En una sociedad donde todo se valora por la capacidad de producción, el trabajo de la mujer en el hogar queda relegado al olvido. Es un trabajo que, a pesar de sacar a la sociedad adelante, no se puede medir en términos económicos por lo que parece carecer de valor. Esta consideración puede crear en la mujer una sensación de inutilidad, de haber desperdiciado su vida en algo sin valor, cuando en realidad está construyendo algo muy importante. La mujer no sólo se ocupa de las necesidades materiales de la casa (lavar, cocinar, limpiar, etc.), sino que también es educadora de los hijos, hace de enfermera, cuida de los mayores, ejerce de psicóloga para todos los miembros de la familia, escucha y apoya en los malos momentos, y anima en sus proyectos a cada cual.

Este descuido de lo doméstico también repercute en la salud de la mujer, ya que al no ser un trabajo remunerado no se tienen en cuenta las condiciones en las que desempeña sus labores. Es un trabajo donde no hay horarios, no existen las vacaciones, y apenas hay tiempo de ocio. Se trabaja durante muchas horas seguidas, lo que puede repercutir en su salud física y emocional. Las tareas de la casa pueden ser duras, se adoptan posiciones incómodas, y se pasan muchas horas de pie. Esto puede provocar dolores musculares, problemas circulatorios, etc. También existe peligro de intoxicaciones por los productos utilizados, enfermedades de la piel o se pueden producir accidentes domésticos que pueden ser graves, como explosiones de gas, cortes o quemaduras.

La carga física, emocional y mental de este trabajo, muchas veces no se tiene en cuenta. La mujer se va quedando aislada, pierde sus relaciones sociales, y no tiene a quien recurrir en caso de necesidad, por ejemplo, cuando no sabe cómo actuar con una persona enferma a la que cuida. Las personas que conviven bajo el mismo techo dan por supuesto que es ella quien debe ocuparse de todo, que es lo normal, mientras el ama de casa puede desarrollar un sentimiento de culpabilidad cuando quiere satisfacer sus propias necesidades y las cargas que lleva se lo impiden.

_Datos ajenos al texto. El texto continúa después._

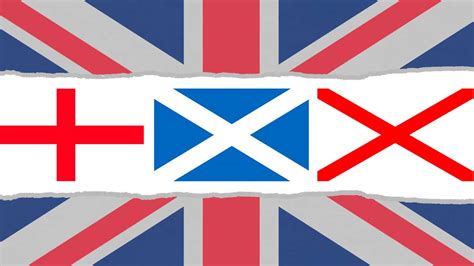 Cuál es la bandera inglesa La de Inglaterra o la de Reino Unido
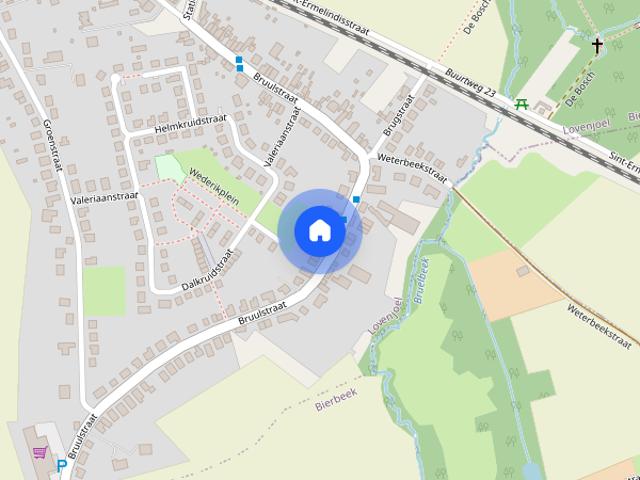 Maison location à Bierbeek, Brabant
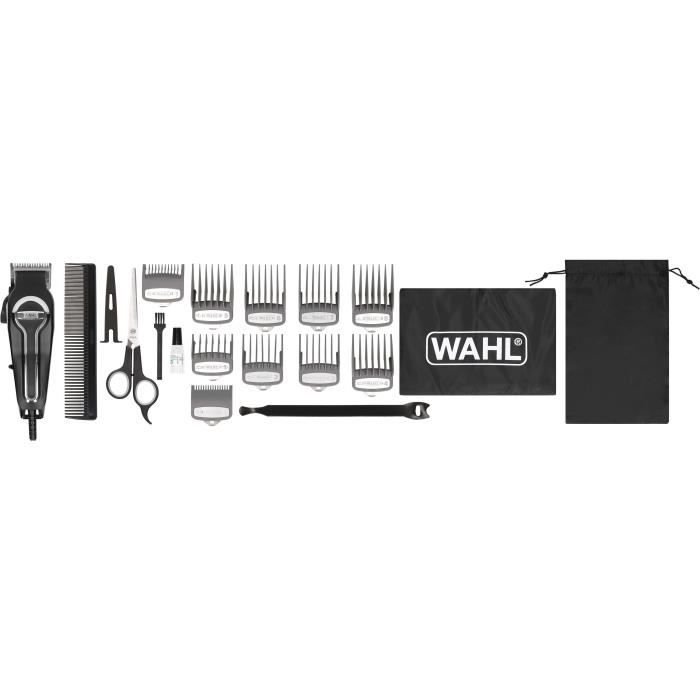WAHL 20106.0460 Elite Pro hair clipper - High-end hair clipper - Corded - Mains operated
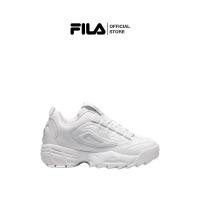 ราคา FILA รองเท้าลำลองผู้ใหญ่ DISRUPTOR 3 รุ่น 1XM01952H สีขาว (24658414649)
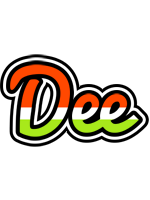 Dee exotic logo
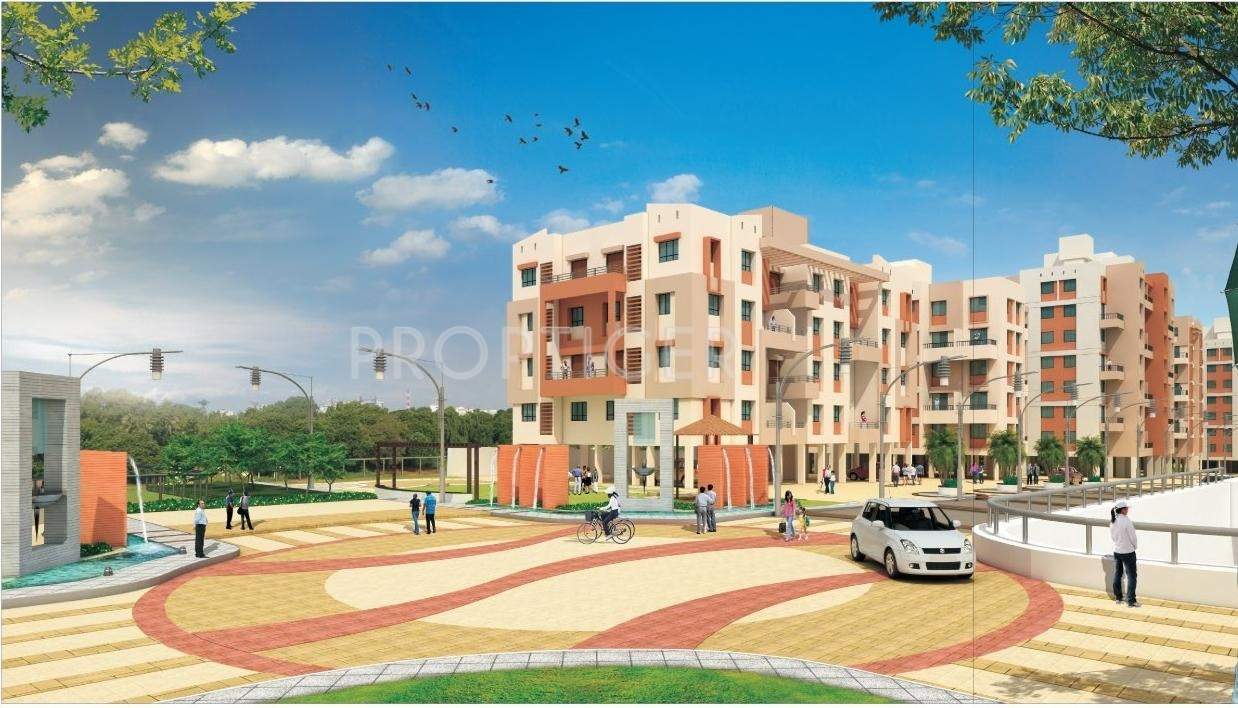  swapna nagari Images for Elevation of Shree Sai Swapna Nagari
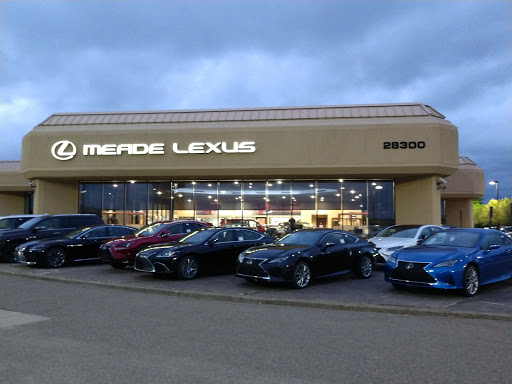 Lexus Dealer «Meade Lexus of Southfield», reviews and photos, 28300 Northwestern Hwy, Southfield, MI 48034, USA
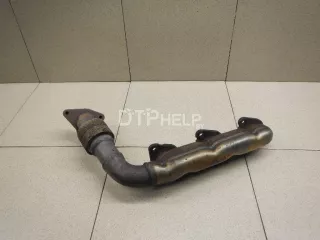 6421400161 Коллектор выпускной Jeep Grand Cherokee III (WK) Арт AM100543620, вид 4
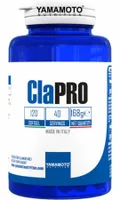 Yamamoto Nutrition - ClaPRO, 120 żelek
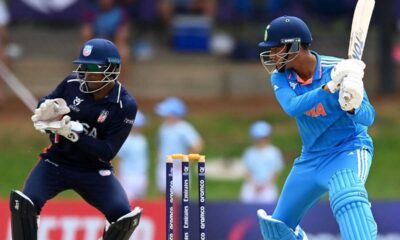 India U19 Defeats Usa U19 In Under 19 World Cup As Arshin Kulkarni's Century Steals The Show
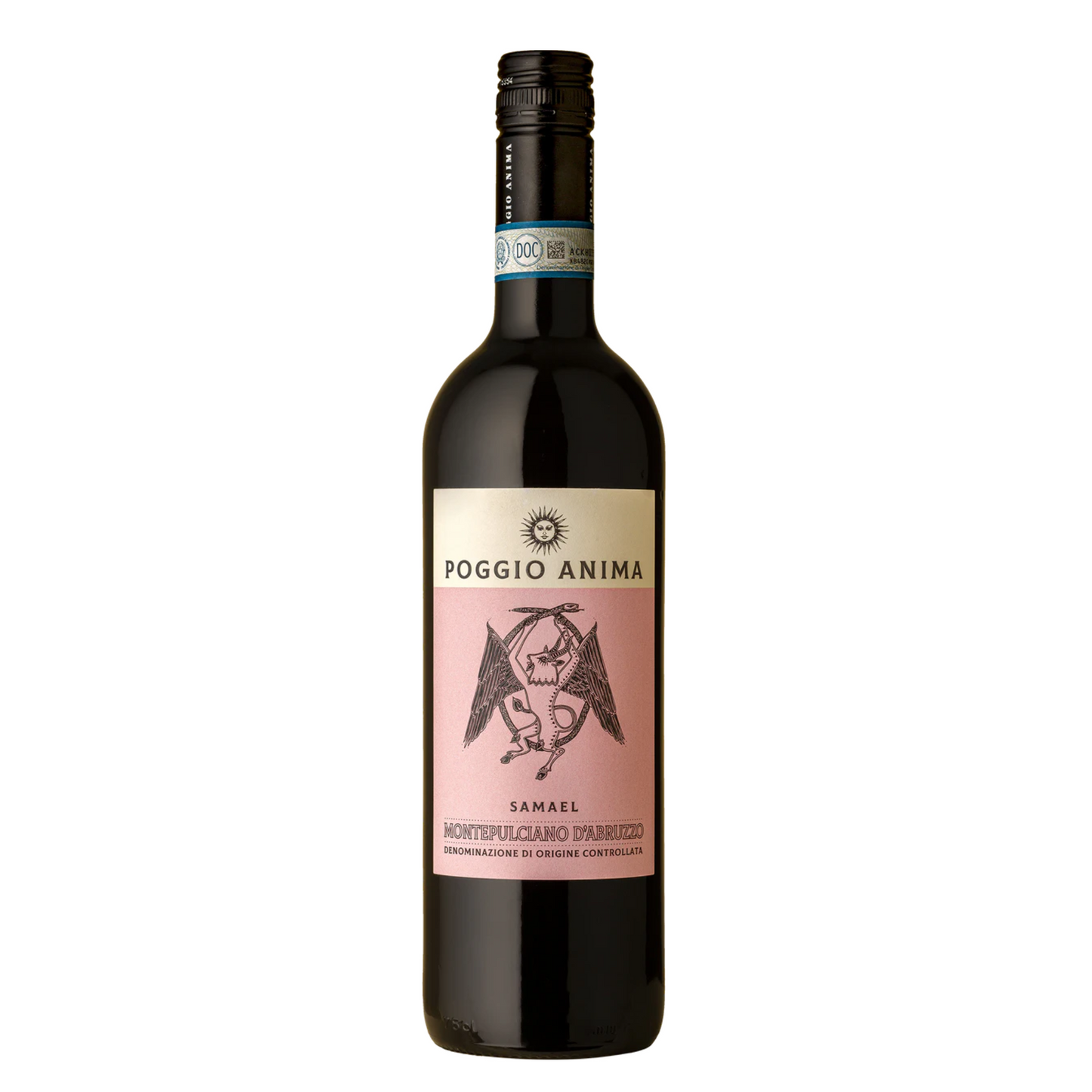 Poggio Anima Montepulciano d'Abruzzo 750ml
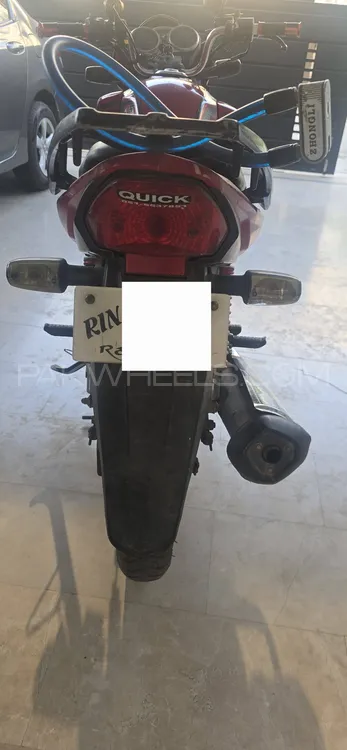 Honda CB 150F 2019 for Sale Image-1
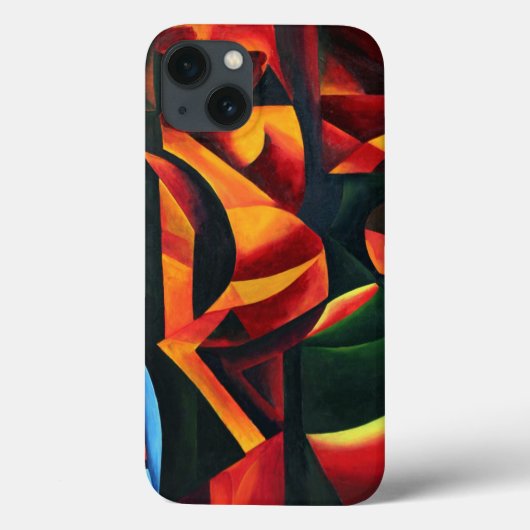Christus - Last Breath 2008 Case-Mate iPhone Hülle (Rückseite)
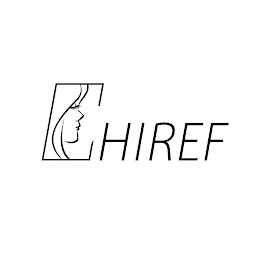 CHIREF logo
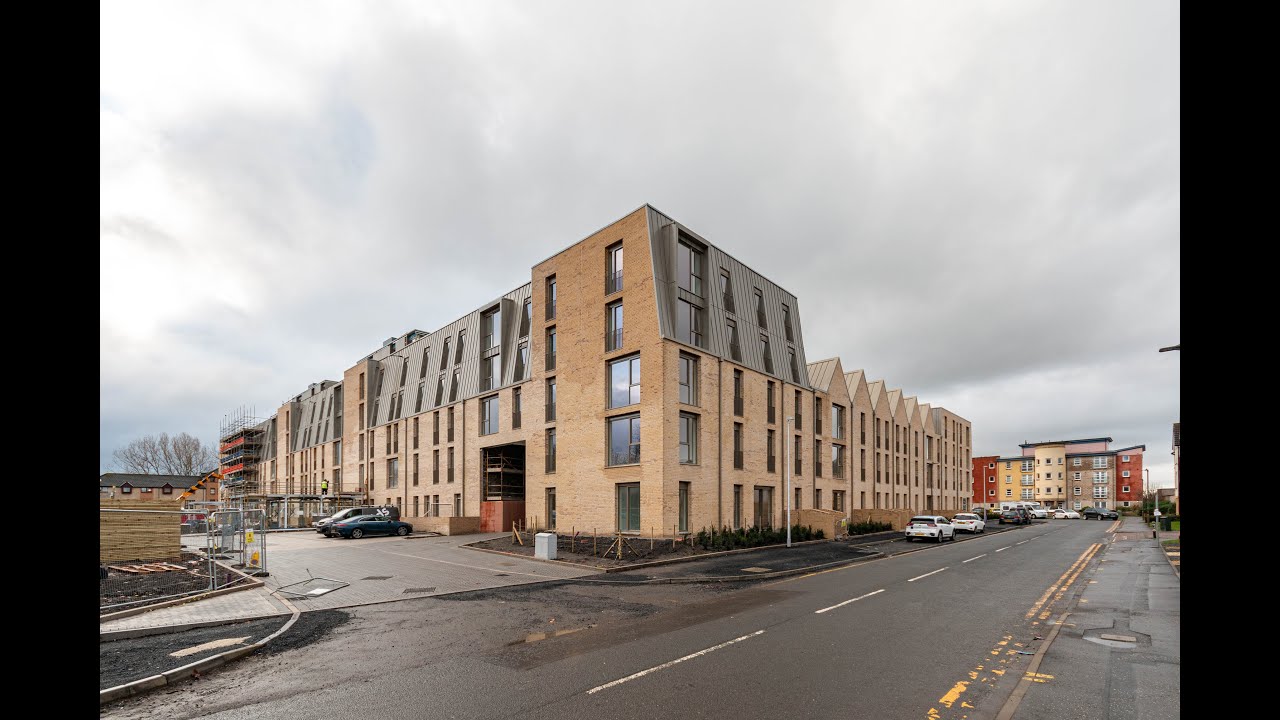 1049L Gylemuir Lane, Edinburgh YouTube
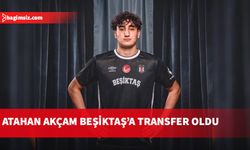 KKTC hentbolunun genç yıldızı Atahan Akçam Beşiktaş’a transfer oldu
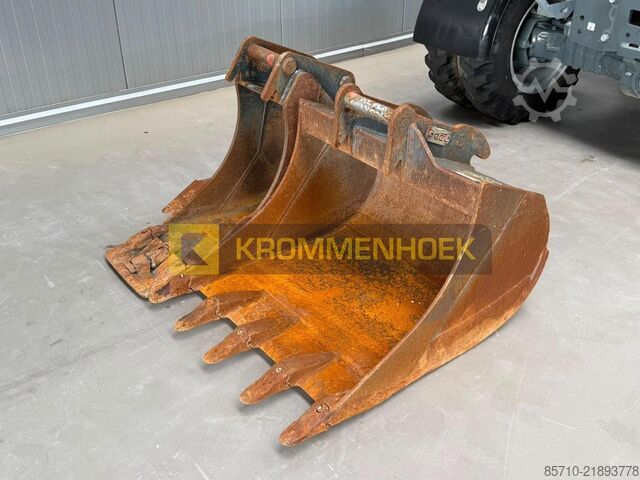 Колесный экскаватор Wacker Neuson EW 100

Es necesario potenciar la sensación de que se está haciendo algo realmente útil e imprescindible para no caer en depresión o sufrir de ansiedad. Aprender a poner límites en los horarios, compartiendo para ello las tareas del hogar con los demás miembros de la familia. Puede acudir a los servicios sociales en busca de ayudas e información en el caso de tener que ocuparse de personas enfermas o ancianas. Y tiene que aprender a satisfacer las propias necesidades sin sentimientos de culpa por anteponerlas, en ocasiones, a las de los demás. La mujer tiene necesidad de desarrollarse como cualquier otra persona de la casa, por lo que necesita algún tiempo para sí mima, para realizar tareas o proyectos que le interesen dentro o fuera del hogar, como estudiar, tener una profesión, etc.